Villa’s proposal would include media literacy during the required year-long computer courses. Republicans were concerned about how schools will teach the difference between “fake news” and real media.
“When we were younger and went to the library, we knew what was in the fiction department and what was in the non-fiction department,” Villa said. “There are clearly defined rules, ways of defining that, from people who are in the education system.”
The West Chicago Democrat stated that teachers’ opinions would not be used in this situation. In fact, individual school districts could set the curriculum.
“So the county decided that Anderson Cooper was a liar just as an example. You can basically say Anderson Cooper is saying it’s fake news, ”asked Senator Terri Bryant (R-Murphysboro).

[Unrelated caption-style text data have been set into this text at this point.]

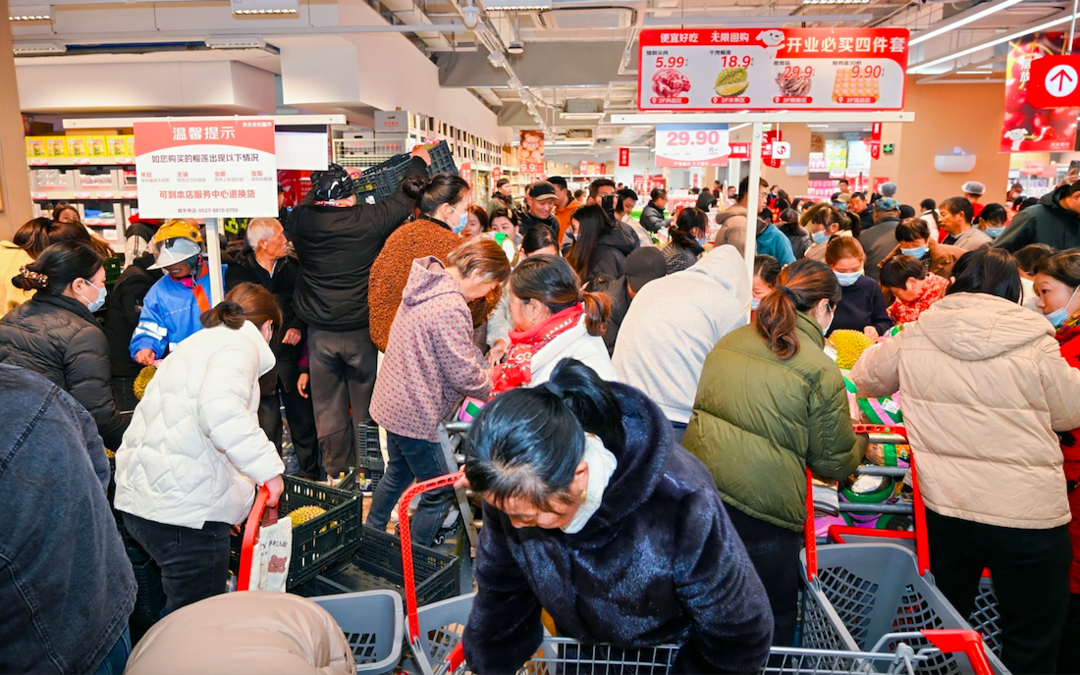 Các siêu thị đông đúc sau 8h tối. Nhiều người cũng chỉ rảnh sau khung giờ này để đi mua sắm. Ảnh minh họa.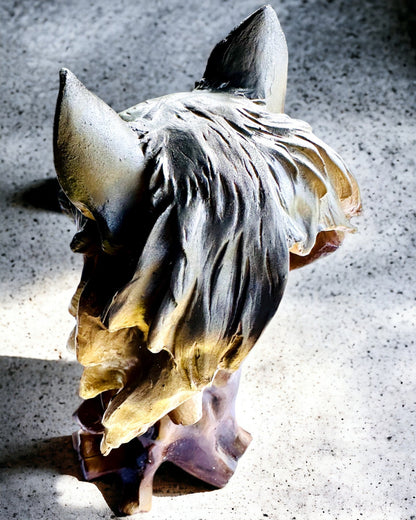 "Wilczy Duch" – Estatueta Decorativa com possibilidade de personalização com gravação, para presente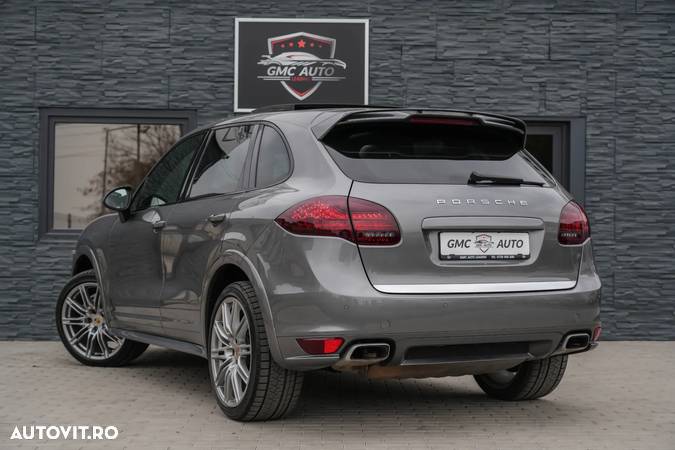 Porsche Cayenne Diesel Platinum Edition - 3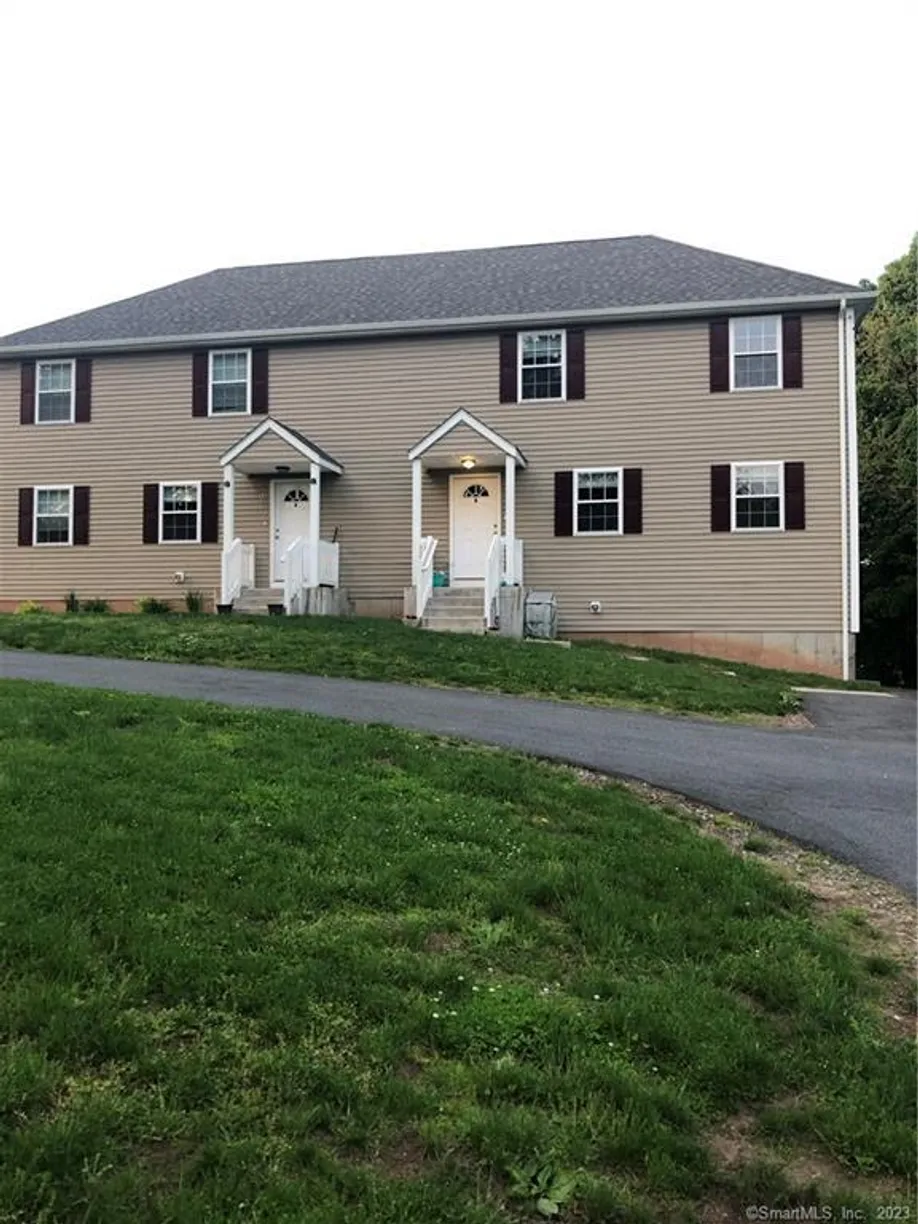 Greenwich Real Estate | View 33 Dividend Road, B | 3 Beds, 1 Bath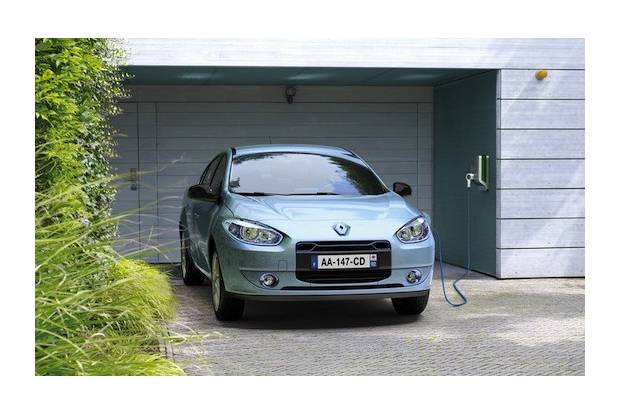 Los coches eléctricos bajan de precio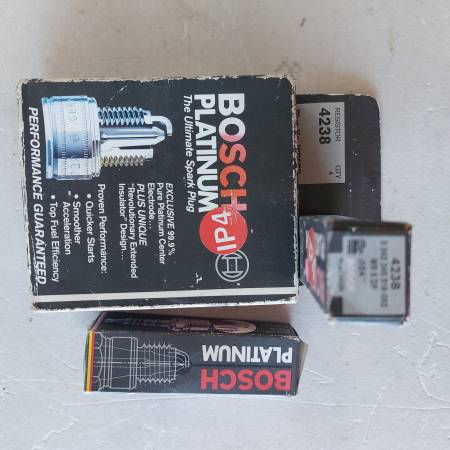 Bosch 4238 Platinum Spark Plugs 1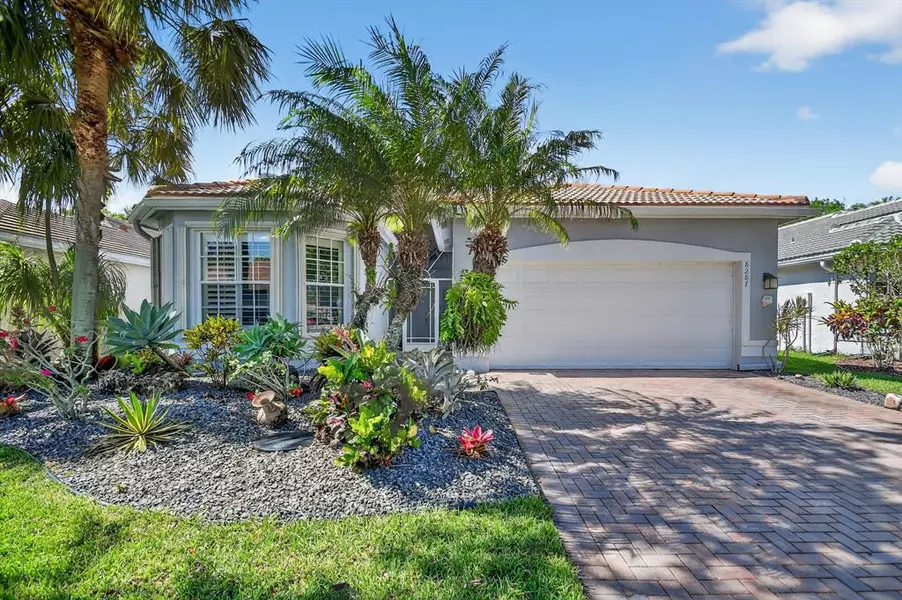 8287 Playa Del Sur Blvd, Lake Worth, FL 33467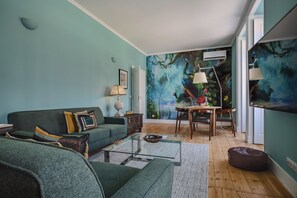 Departamento superior, 3 habitaciones | Área de sala de estar | Televisión de plasma de 36 pulgadas con canales por cable 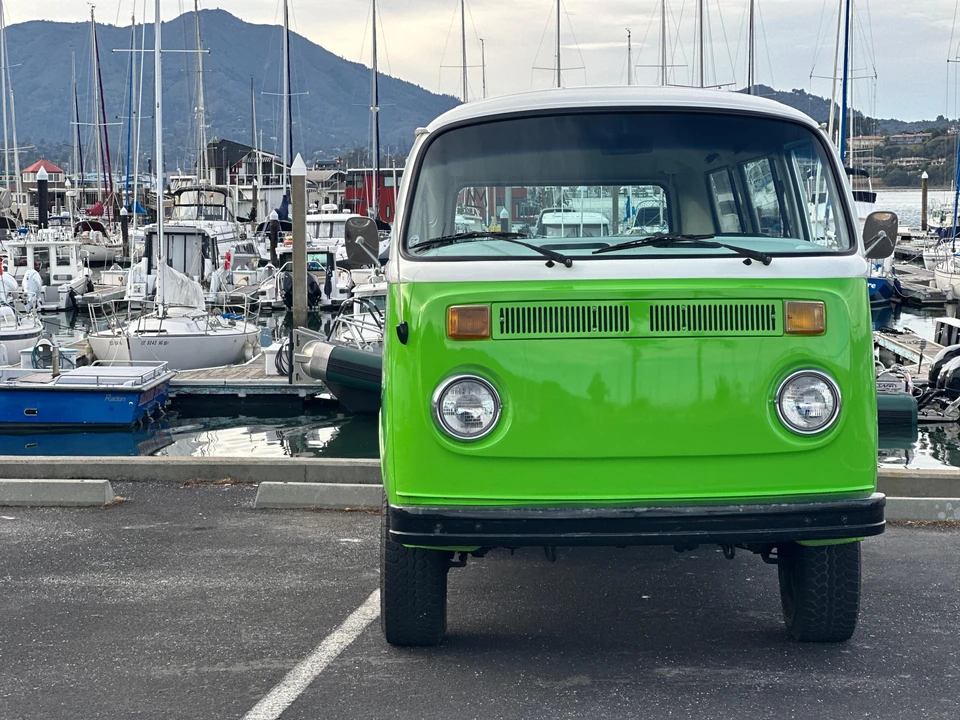 1977 Volkswagen Bay-Window Bus - Image 9 of 31
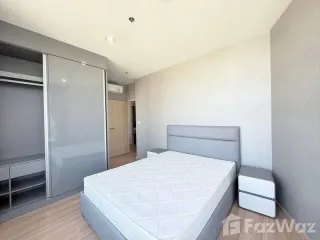 For rent 2 bedrooms condo in Bang Na, Bangkok
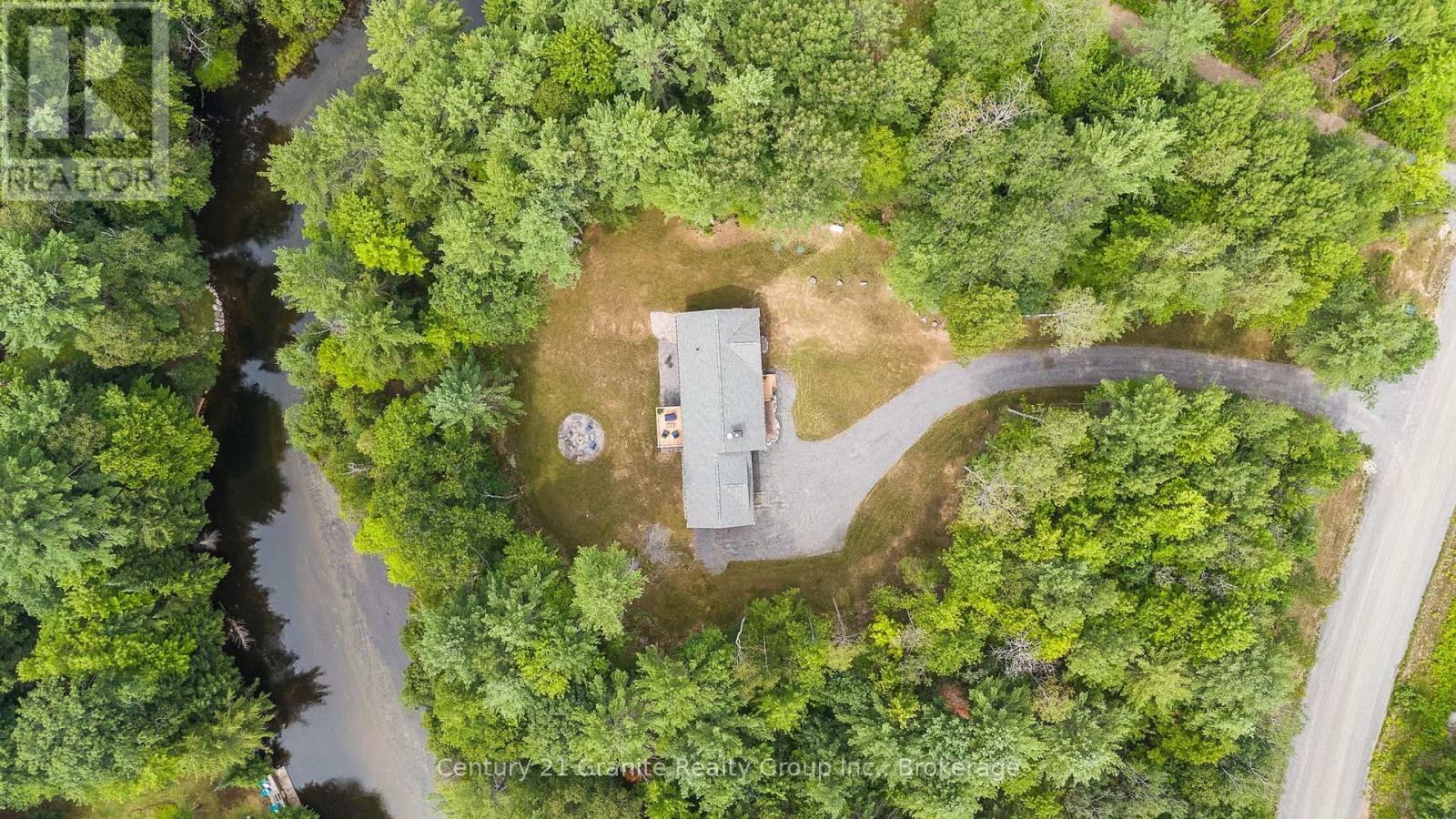 1097 Hawk Valley Road, Algonquin Highlands, Ontario  K0M 1S0 - Photo 4 - X13683290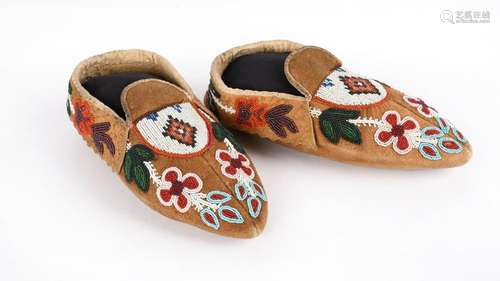 A pair of Ojibwa moccasins. Canada. Smoked moosehi…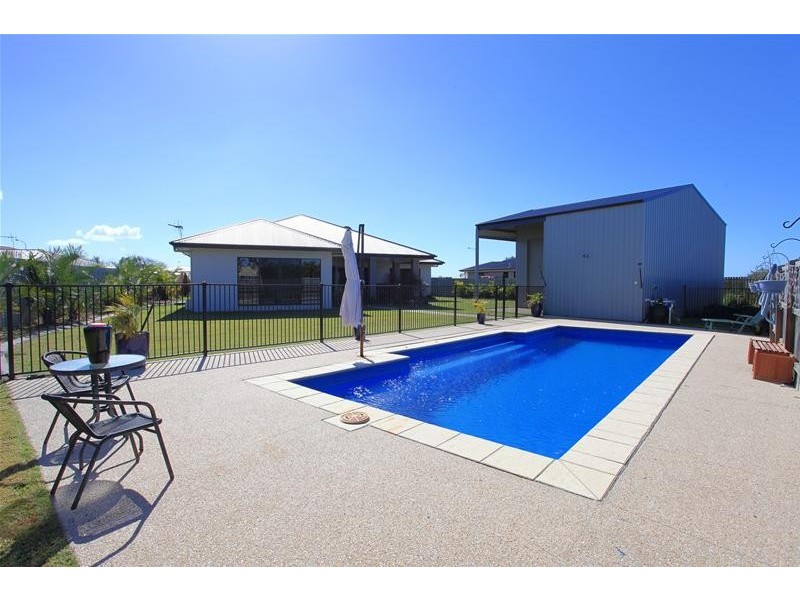 18 Hopton Place, Bundaberg North QLD 4670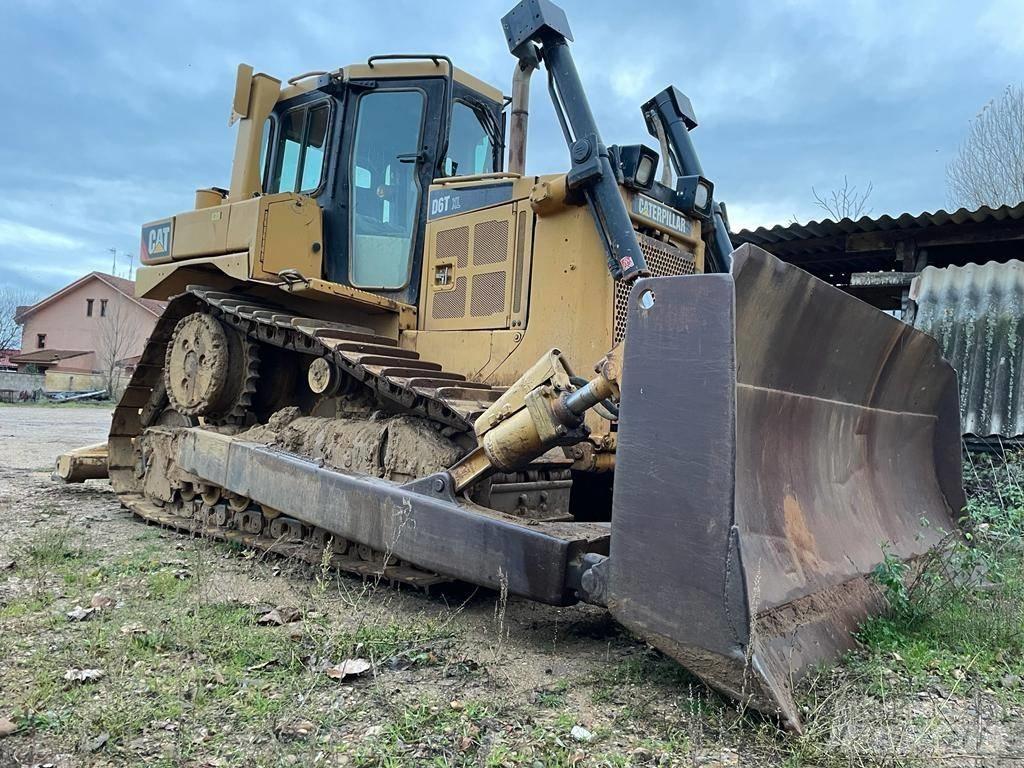 CAT D 6 T XL Buldozere pe senile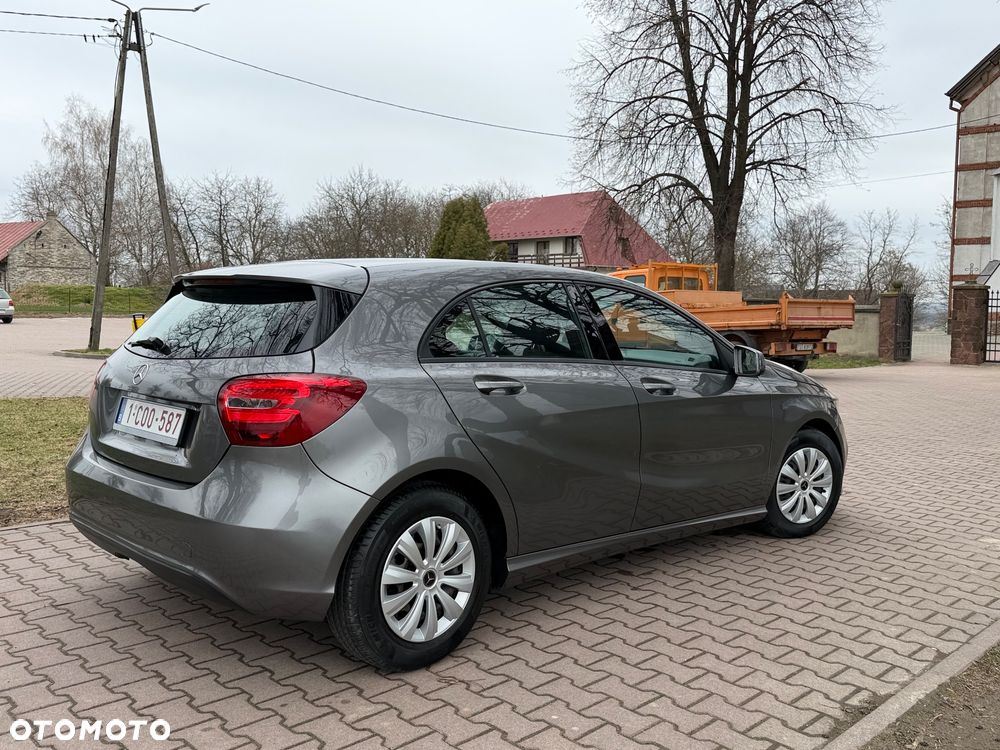 Mercedes-Benz Klasa A 180 d Activity Edition - 14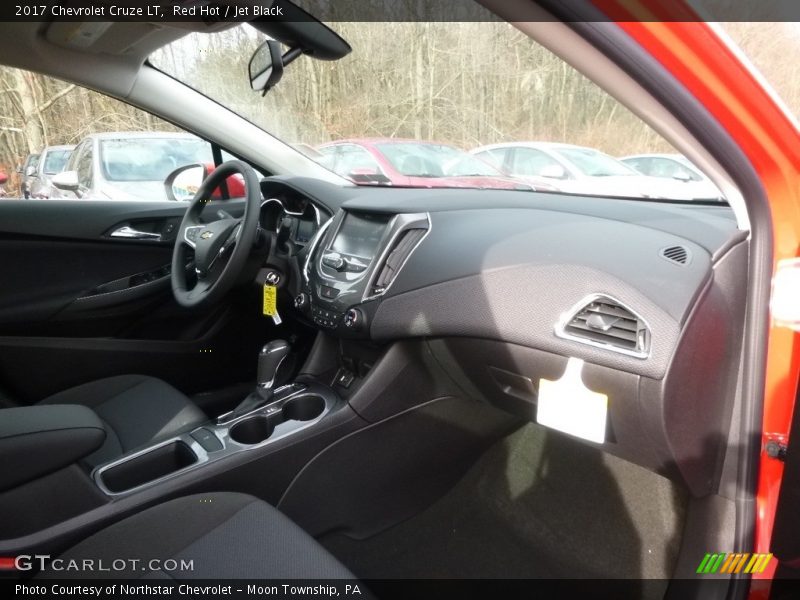 Red Hot / Jet Black 2017 Chevrolet Cruze LT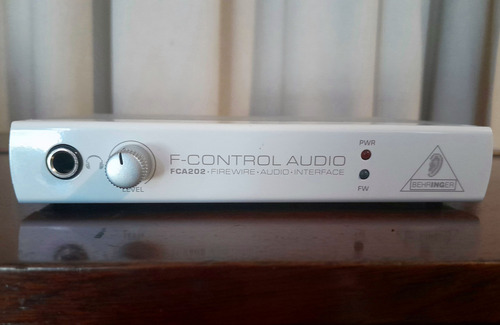 Placa De Audio Behringer Fca202 Firewire 24 Bits / 96khz (Usado)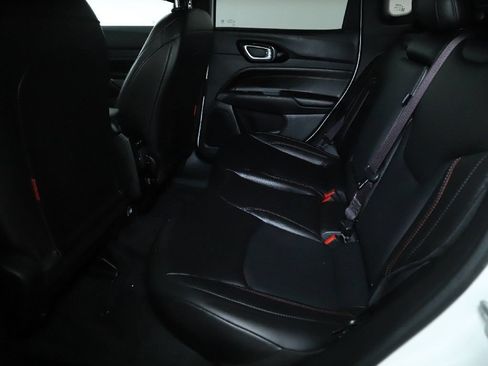 Used 2025 Jeep Compass Trailhawk AWD/4WD image 14
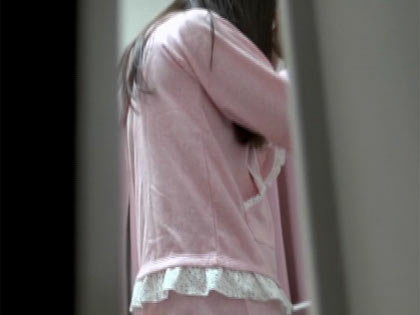 悲劇!部屋に侵入され中出しされたオンナ達｜サンプル1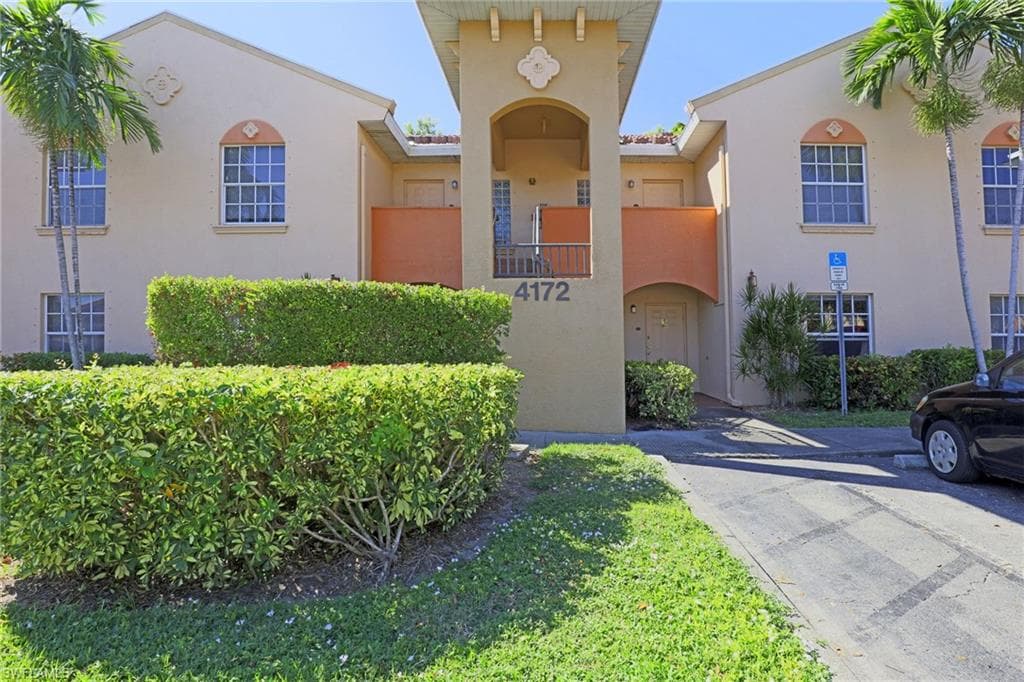 4172 Castilla CIR 206 FORT MYERS, FL 33916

Villa later said the unit would only help students review information in news articles and make their own judgment.
Senator Cristina Pacione-Zayas said her daughter could benefit from this change. She stated that her second grader can now view information online and judge whether or not it is from a verified source.
House Bill 234 was passed 11-2 by the Senate Education Committee. It is now going to be examined in the Senate. MEPs approved the proposal last month by 68 votes to 44.
Report sexual assault at school
Schools in Illinois may soon also be required to report the number of sexual assaults that have occurred in schools. Senate Act 633 could create a new column of school report cards to list the number of sexual assaults without violating confidentiality.
The report would include the number of incidents on school premises or during school-related activities that resulted in suspension, eviction or other forms of removal. With the approval of both chambers, reporting would begin at the beginning of the school year 2022-2023.
Senator Laura Murphy (D-Des Plaines) also worked with stakeholders to see how schools in smaller counties could meet this requirement.
“In a smaller community that may have only had one incident, you would not be able to protect that person’s confidentiality. So we’re going to be listing fewer than 10, ”Murphy explained.
Republicans thanked Murphy for working with stakeholders to address the confidentiality issue for smaller communities in the Downstate. The bill was passed unanimously by the Senate Education Committee and moved to the Senate.